## Work request
Word for word, repeat the lines of the records from the one containing "Happy family and" through the last line, both included.

## The data
# # # #

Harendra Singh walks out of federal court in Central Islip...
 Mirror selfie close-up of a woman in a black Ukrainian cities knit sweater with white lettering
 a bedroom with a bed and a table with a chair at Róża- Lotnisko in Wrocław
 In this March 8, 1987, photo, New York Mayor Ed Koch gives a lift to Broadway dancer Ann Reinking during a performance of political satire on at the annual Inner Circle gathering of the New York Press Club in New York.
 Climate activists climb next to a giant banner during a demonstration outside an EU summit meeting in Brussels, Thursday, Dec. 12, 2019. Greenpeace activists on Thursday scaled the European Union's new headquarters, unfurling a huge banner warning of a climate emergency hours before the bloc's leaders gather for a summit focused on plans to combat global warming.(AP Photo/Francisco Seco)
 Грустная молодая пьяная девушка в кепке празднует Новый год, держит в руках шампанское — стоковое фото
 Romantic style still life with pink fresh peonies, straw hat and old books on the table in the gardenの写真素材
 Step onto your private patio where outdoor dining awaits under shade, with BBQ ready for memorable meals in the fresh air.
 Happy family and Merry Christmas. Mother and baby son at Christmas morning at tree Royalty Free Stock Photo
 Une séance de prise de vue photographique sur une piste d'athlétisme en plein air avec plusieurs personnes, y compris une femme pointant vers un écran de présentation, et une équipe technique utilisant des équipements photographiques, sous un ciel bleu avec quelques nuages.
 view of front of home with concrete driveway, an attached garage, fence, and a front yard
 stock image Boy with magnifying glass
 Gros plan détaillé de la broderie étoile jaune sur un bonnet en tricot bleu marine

# # # #

## Solution
 Happy family and Merry Christmas. Mother and baby son at Christmas morning at tree Royalty Free Stock Photo
 Une séance de prise de vue photographique sur une piste d'athlétisme en plein air avec plusieurs personnes, y compris une femme pointant vers un écran de présentation, et une équipe technique utilisant des équipements photographiques, sous un ciel bleu avec quelques nuages.
 view of front of home with concrete driveway, an attached garage, fence, and a front yard
 stock image Boy with magnifying glass
 Gros plan détaillé de la broderie étoile jaune sur un bonnet en tricot bleu marine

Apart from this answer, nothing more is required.